==== EXERCISE DATA
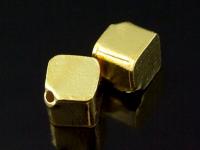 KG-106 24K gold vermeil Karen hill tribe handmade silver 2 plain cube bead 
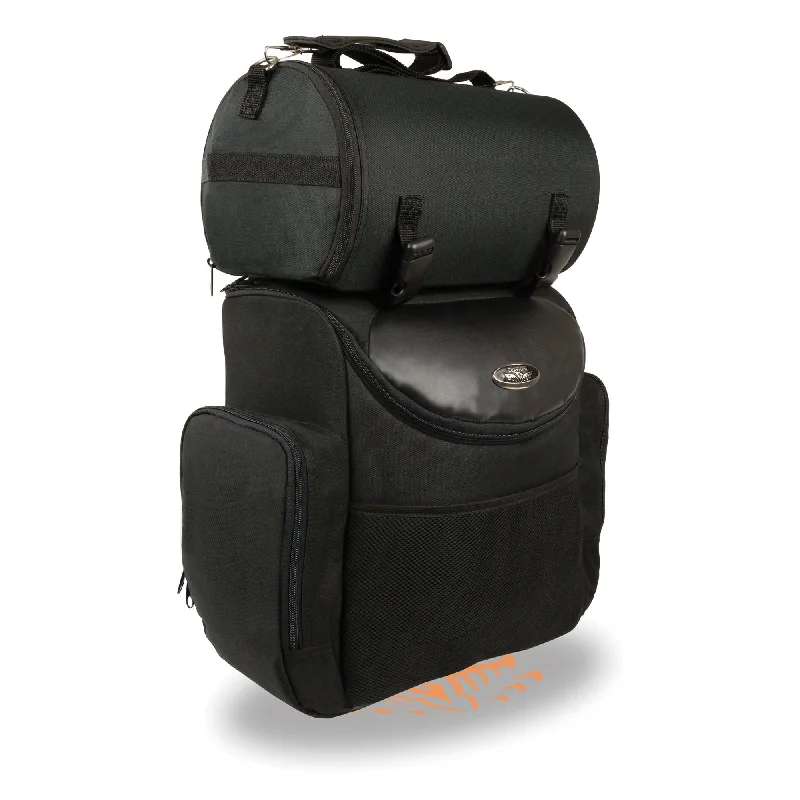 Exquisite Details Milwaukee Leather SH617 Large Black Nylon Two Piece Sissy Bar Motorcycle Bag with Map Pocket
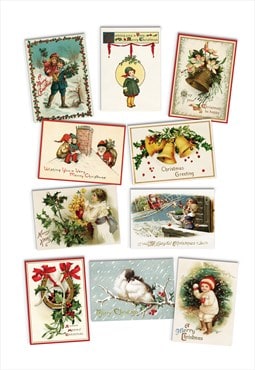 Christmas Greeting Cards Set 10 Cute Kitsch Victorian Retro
========
==== EXERCISE DATA
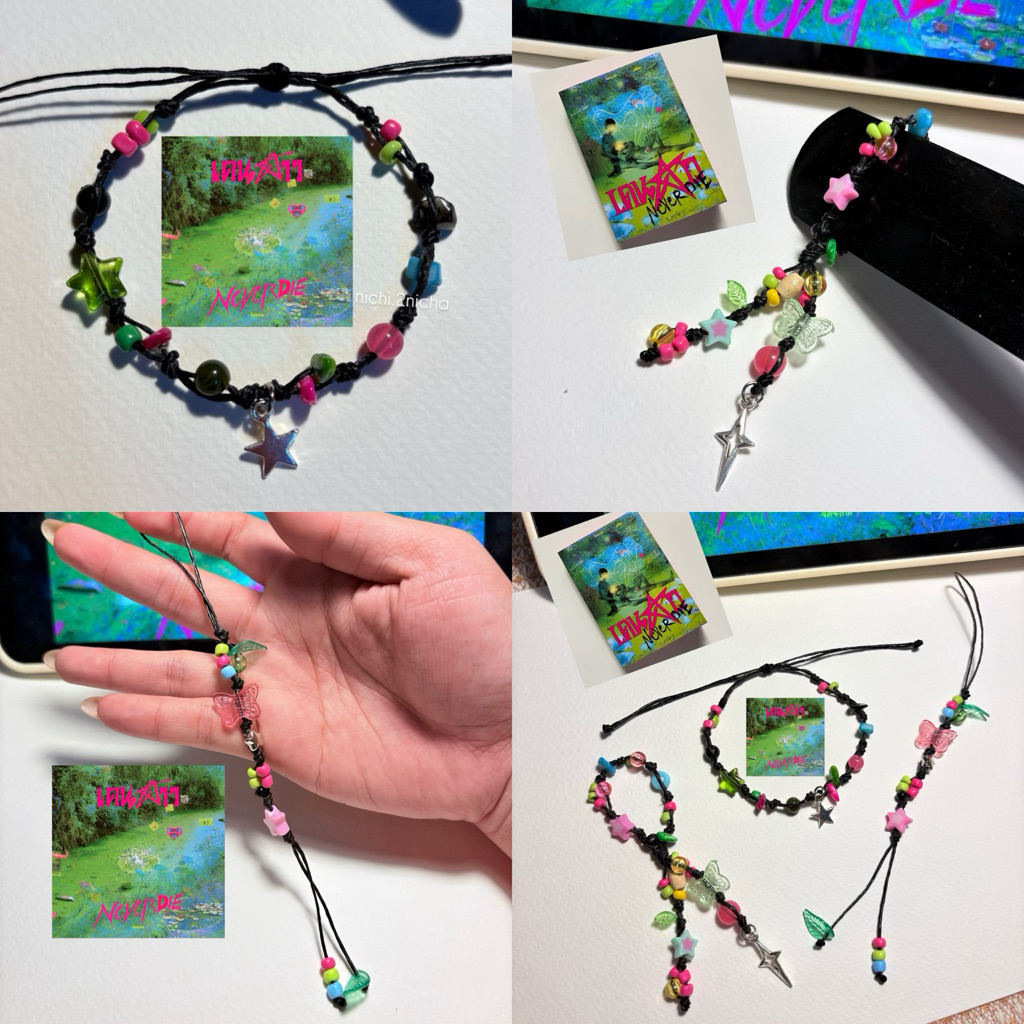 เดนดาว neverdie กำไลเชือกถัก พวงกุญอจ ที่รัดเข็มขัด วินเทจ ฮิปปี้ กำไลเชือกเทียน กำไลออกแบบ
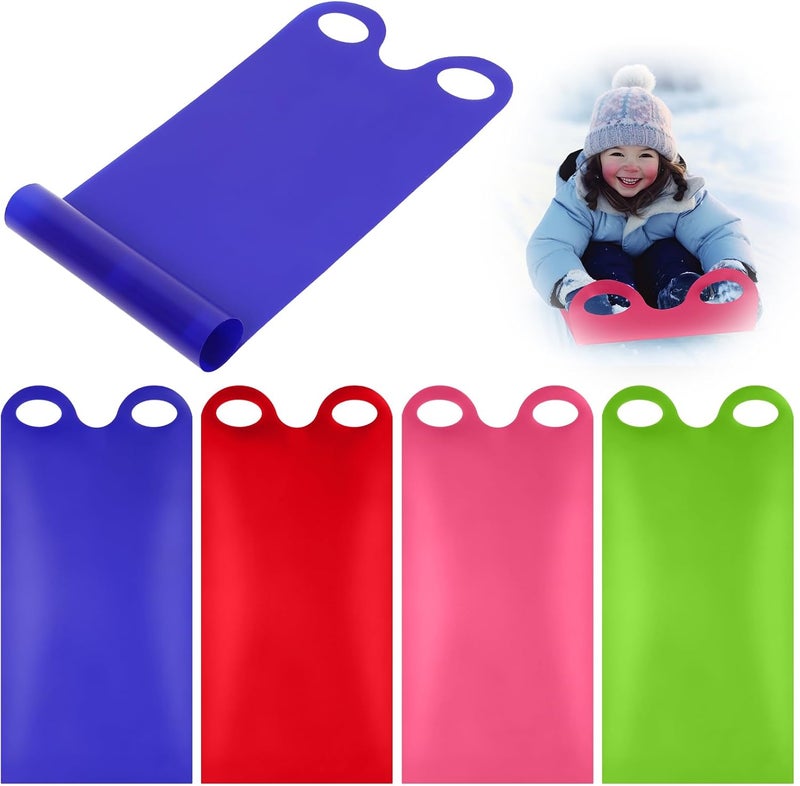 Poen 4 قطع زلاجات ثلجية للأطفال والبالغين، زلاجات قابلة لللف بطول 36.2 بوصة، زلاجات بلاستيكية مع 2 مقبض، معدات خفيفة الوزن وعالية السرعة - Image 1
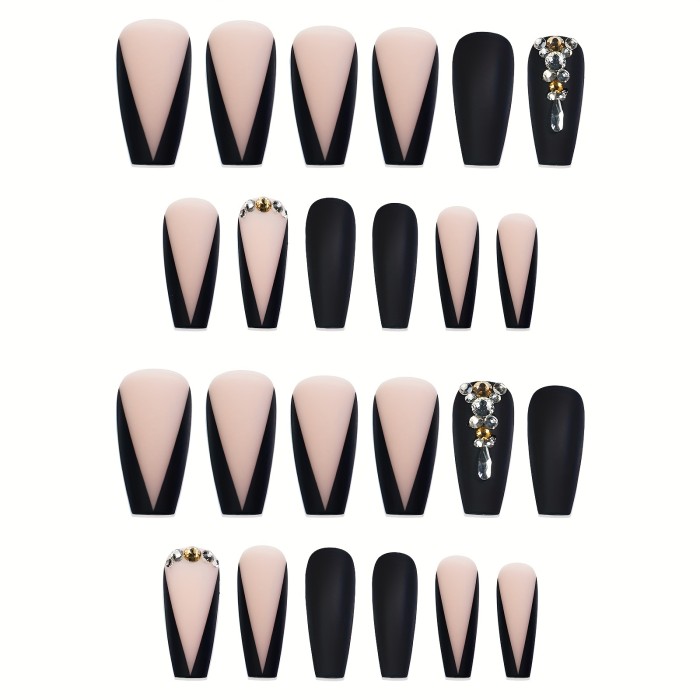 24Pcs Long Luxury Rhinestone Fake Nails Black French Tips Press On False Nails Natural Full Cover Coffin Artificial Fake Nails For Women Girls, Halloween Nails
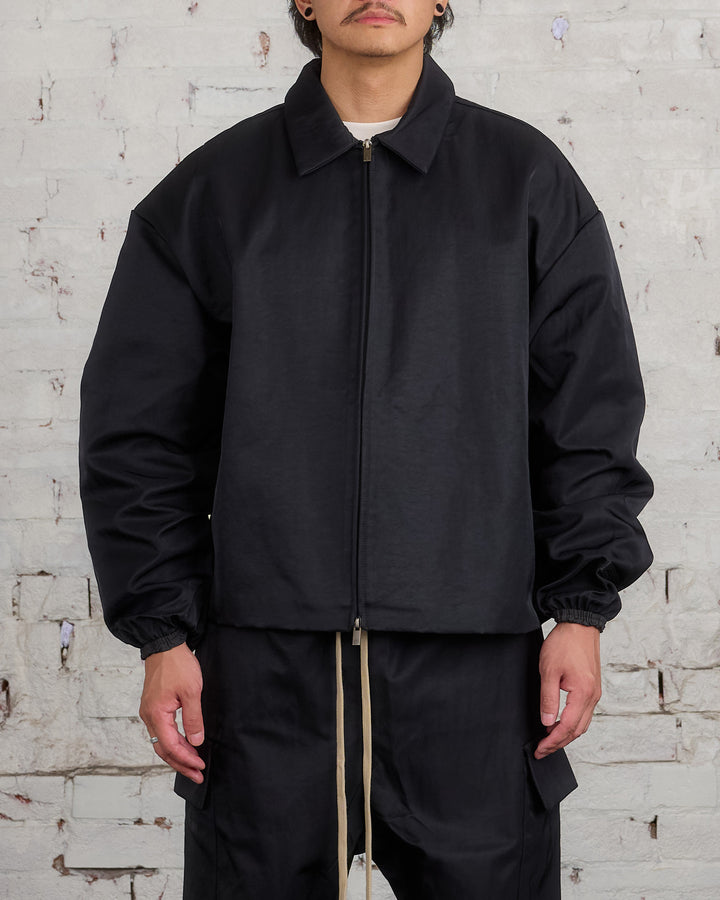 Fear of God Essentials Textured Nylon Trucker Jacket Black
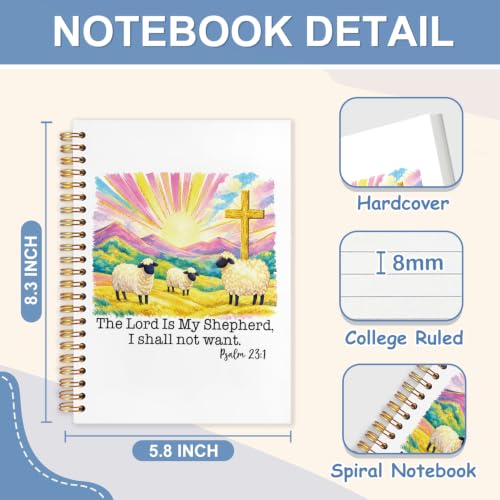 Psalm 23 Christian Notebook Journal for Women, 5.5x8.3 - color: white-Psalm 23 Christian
========
EXERCISE DETAILS: Working from the entries above, reproduce exactly and only the lines beginning with the line that has "เดนดาว neverdie กำไลเชือกถัก" and ending with the line that has "Psalm 23 Christian Notebook"; omit all pictures.

COMPLETED EXERCISE:
 เดนดาว neverdie กำไลเชือกถัก พวงกุญอจ ที่รัดเข็มขัด วินเทจ ฮิปปี้ กำไลเชือกเทียน กำไลออกแบบ
 Poen 4 قطع زلاجات ثلجية للأطفال والبالغين، زلاجات قابلة لللف بطول 36.2 بوصة، زلاجات بلاستيكية مع 2 مقبض، معدات خفيفة الوزن وعالية السرعة - Image 1
 24Pcs Long Luxury Rhinestone Fake Nails Black French Tips Press On False Nails Natural Full Cover Coffin Artificial Fake Nails For Women Girls, Halloween Nails
 Fear of God Essentials Textured Nylon Trucker Jacket Black
 Psalm 23 Christian Notebook Journal for Women, 5.5x8.3 - color: white-Psalm 23 Christian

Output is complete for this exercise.